If Parkinsons allows; consider the use of a TDD machine (telephone device for the deaf if you are in USA), not connected to telco, just standalone, as the voice impaired person can show its text screen by typing.
A second approach I developed is a PDA (personal digital assistant) using a sort of 'paint' program, where the speech impaired person handwrites with its stylus on its touch-sensitive LCD, turning on the pixels underneath the stylus tip motion.
The handwriting can be of course cleared from screen and write many pages, it is shirt pocket portable and allows communication even with strangers anywhere outside home, by handwriting and showing the display.
That fully opens possibilities for the impaired.

Even a celltelephone with a full keyboard can be used instead for strictly typing, as composing email, not necessarily to 'send' it, but to show the typed message; if pencil and paper are not desirable.

http://www.cnet.co.uk/i/c/blg/cat/handhelds/digimemo.gif
http://www.windowsfordevices.com/files/misc/samsung_q1_handwriting.jpg

Miguel
 

rguy91

New Member
Thanks Miguel. I will pursue the audible first but at least you suggest a fall back position.

On a personal note...If your campaign of Historical Revisionism succeeds, what will you replace the "Bel" with; bearing in mind the Bards wisdom "A rose by any other name will smell as sweet".
 

rguy91

New Member
I trust I am not too late to suggest a paraphrase of the rose quip.

"A sound by any other name will sound the same"!

Regards
 

Daniel Lim

New Member
Is there any further development on this? I have met a parkinson patient who has unclear voice. I'm trying to find a way to help him.
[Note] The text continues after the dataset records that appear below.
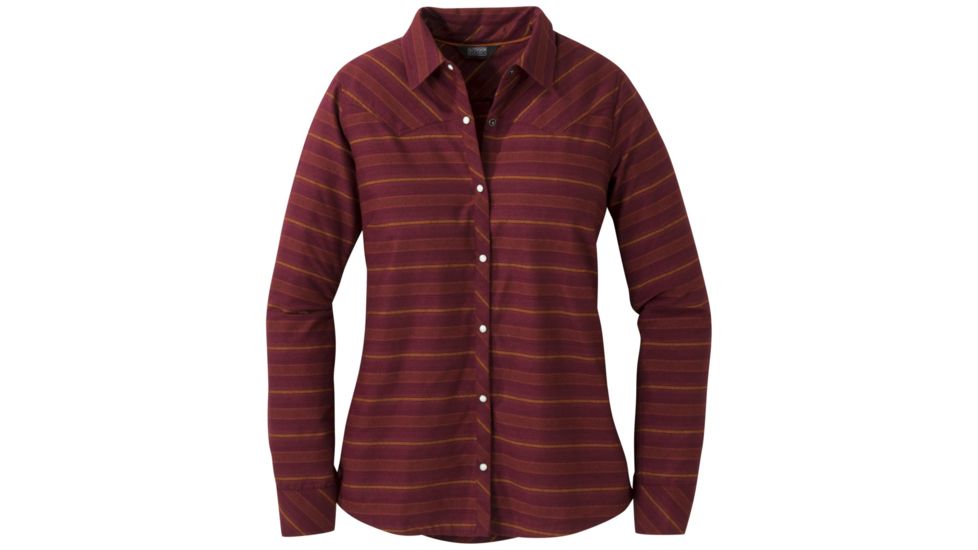 Outdoor Research Pilchuck Long Sleeve Shirt - Womens, Garnet, Extra Small, 2681471295005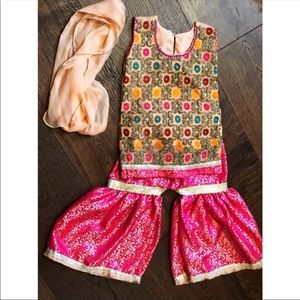 Pakistani Indian Kids gharara dress, little girls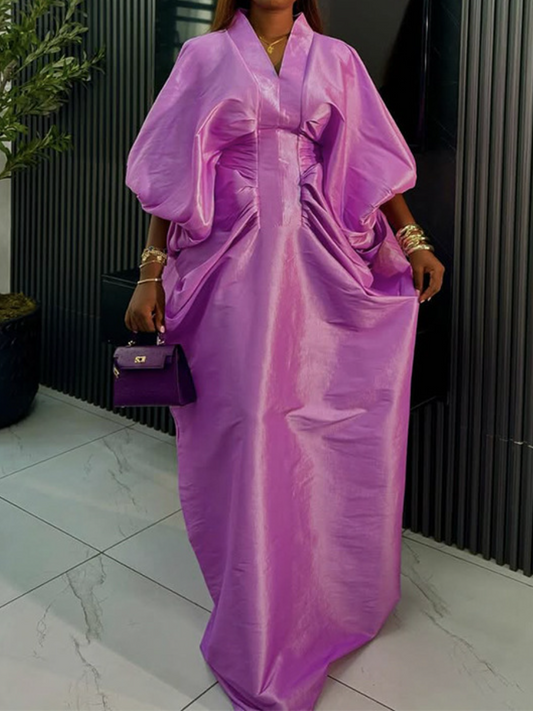 F050902 Fashion V-neck Long-sleeved Loose Pleated Long Dress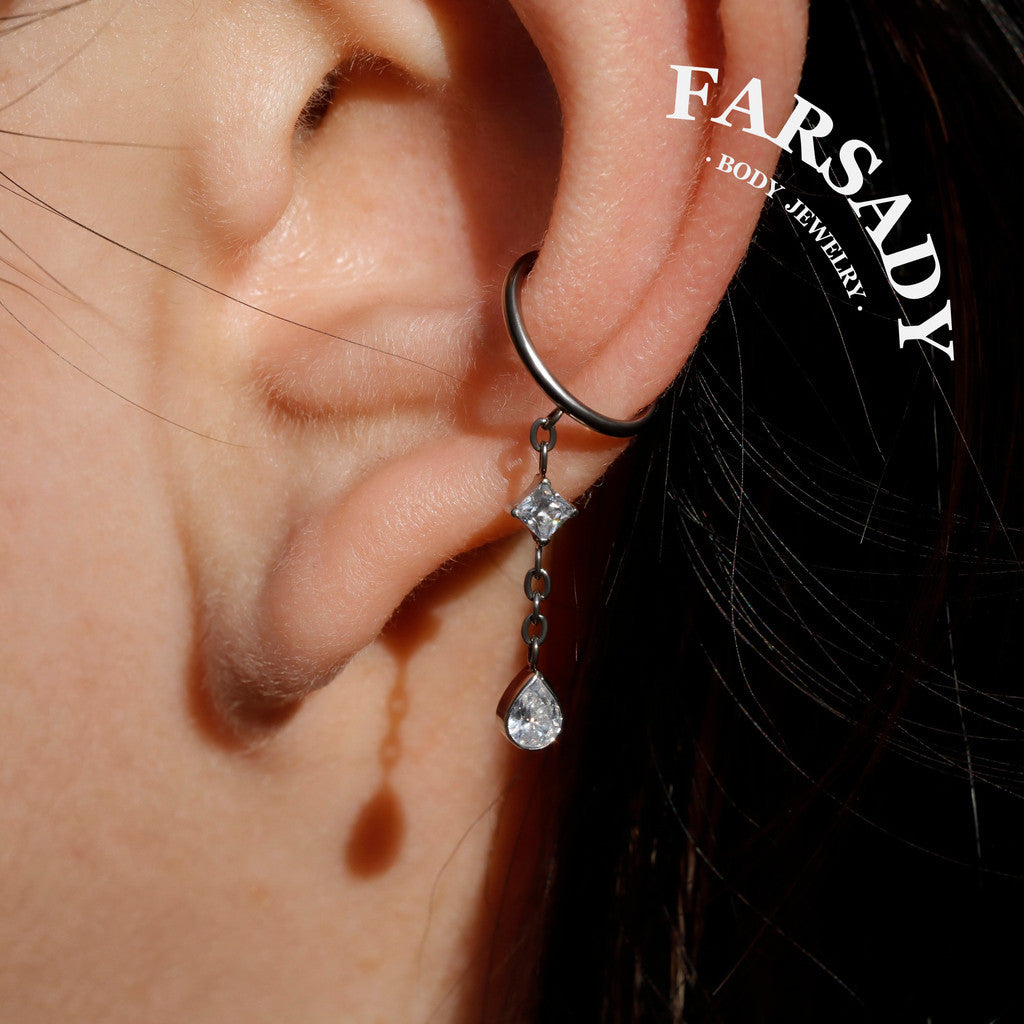 Elegant Titanium Teardrop Dangle Conch Earring, 18K Real Gold Plated Helix Ring, Hypoallergenic Waterproof Piercing Jewelry, 16G 8mm/10mm
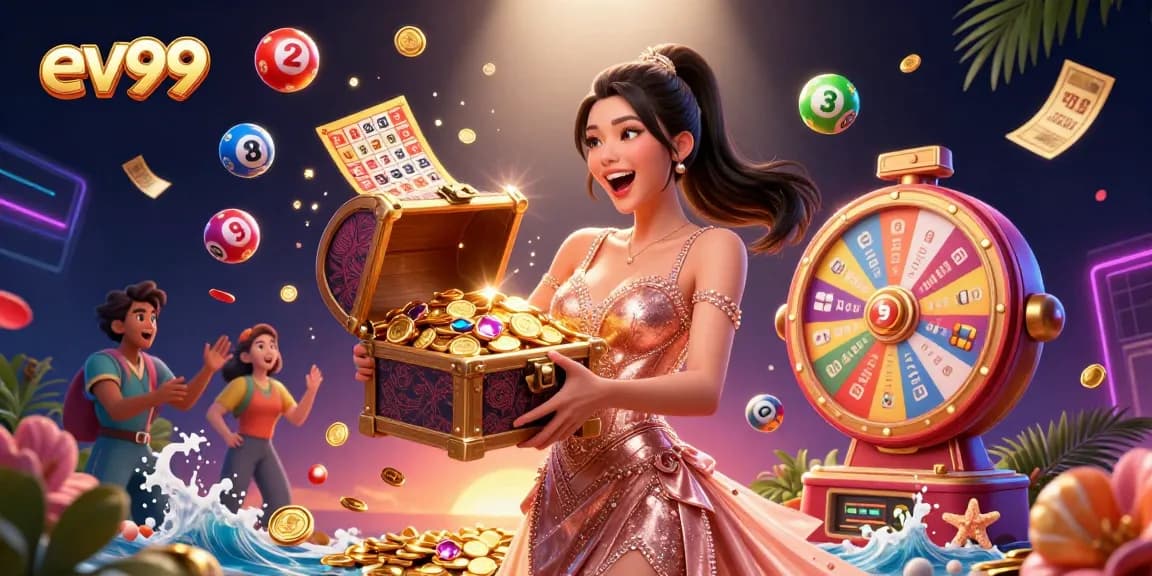 Experience thrilling wins at ev99 with a glamorous treasure chest of gems and coins surrounded by vibrant lottery elements.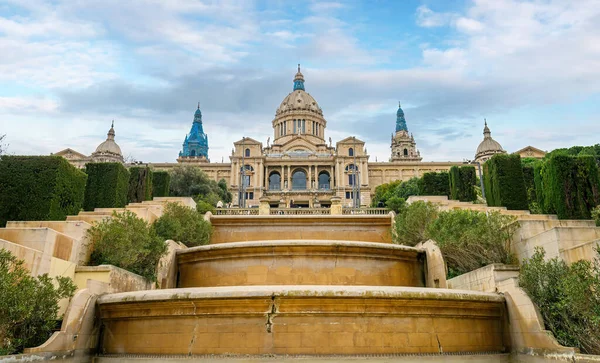 Plaza Espanya Palau Montjuic Barcelonie Hiszpania Narodowe Muzeum Sztuki Katalońskiej — Zdjęcie stockowe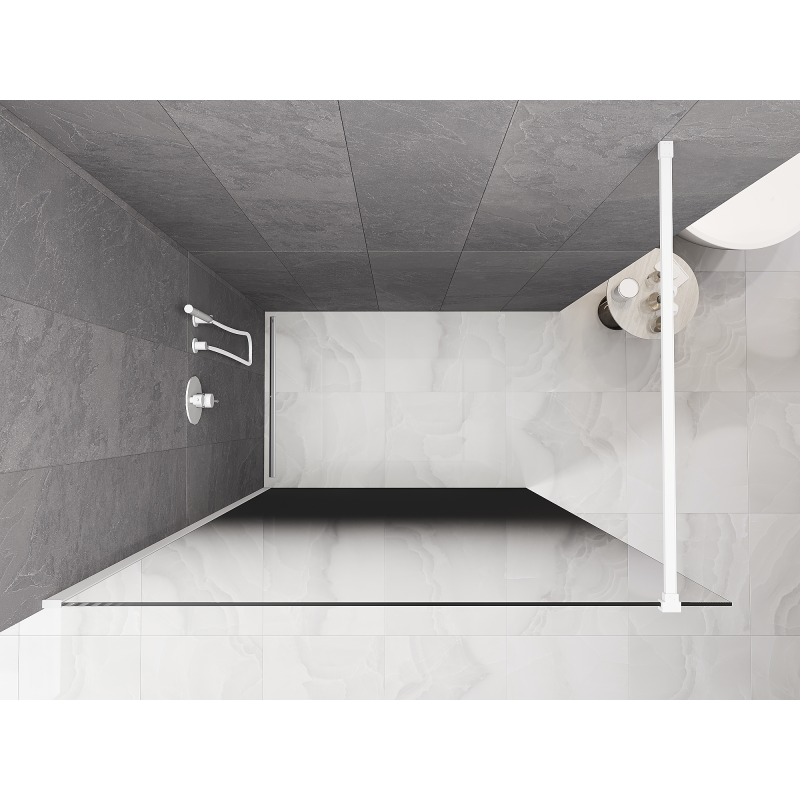 Mexen Kioto pannello doccia Walk-in 110 x 200 cm, ombre nero 8 mm, bianco - 800-110-101-20-76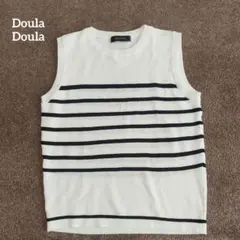 Doula Doula　サマーニット　ボーダーノースリーブニット　クルーネック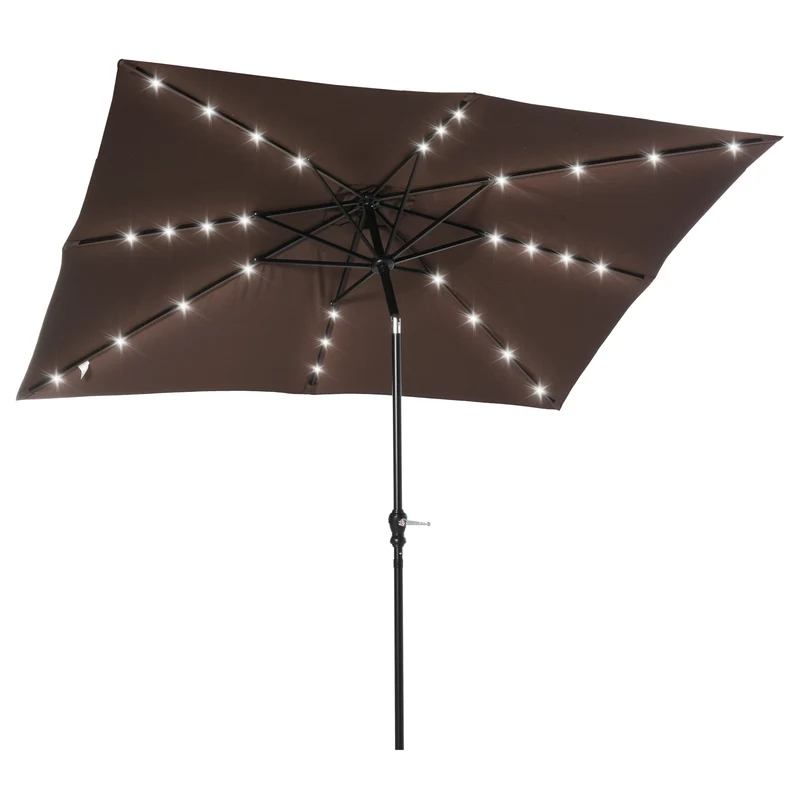 Outsunny Sombrilla Terraza Exterior con Luces LED 268x205x248 cm Sombrilla de Jardín con Techo Inclinable hasta 45° Solares Poste de Acero y Manivela Parasol para Patio Terraza Marrón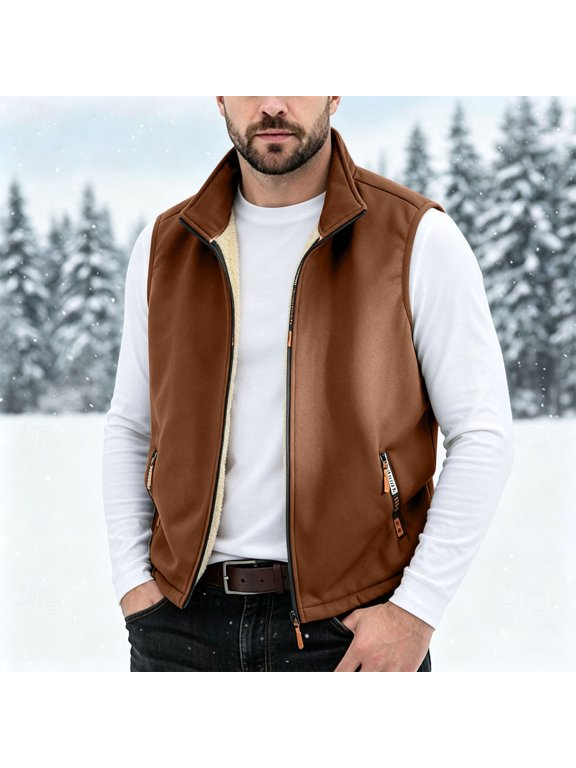 Softshell Fleece Lined Vest for Men Winter Warm Sleeveless Jacket Stand Collar Windproof Thermal Waistcoat Thick Outerwear for Golf Hunting Work Outdoor Fall,M-4XL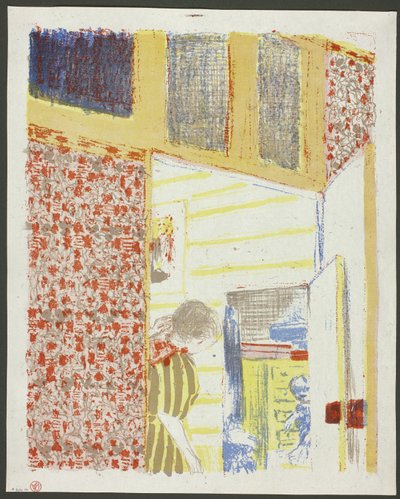Interiör med rosa tapet III, plansch sju ur Landscapes and Interiors av Édouard Jean Vuillard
If there is any info please let me know.
 

audioguru

Well-Known Member
Most Helpful Member
I heard a throat mic used by a diver. The speech was unintelligible because it was nothing but vowels (grunts and groans). The high frequency consonants produced by the lips and tongue were missing.
 

dougy83

Well-Known Member
Here's the only example of throat microphone audio I could find:
It certainly loses the higher frequencies and any expression, but it intelligible. If you have a person that is hard to understand already, this may make things worse.
 

audioguru

Well-Known Member
Most Helpful Member
Eer ih my (unintelligible or aily?) oy, ow oo I oun? Eer is here, ih is is, my sounds fine, aily might be daily, oy is voice, ow is how, oo is do, I is fine and oun is sound. It translates pretty well.
Pretty good for a throat mic that perhaps picks up some sounds from the lips and tongue.
 

Externet

Well-Known Member
Divers intercoms use two microphones for communication on full face masks.
The throat contact microphone is only to activate the VOX, not to capture speech. Another 'normal' microphone does that. Otherwise, breathing noise could trigger the VOX unless a very good filter is implemented to ignore breathing sounds, which will impair intelligibility anyway.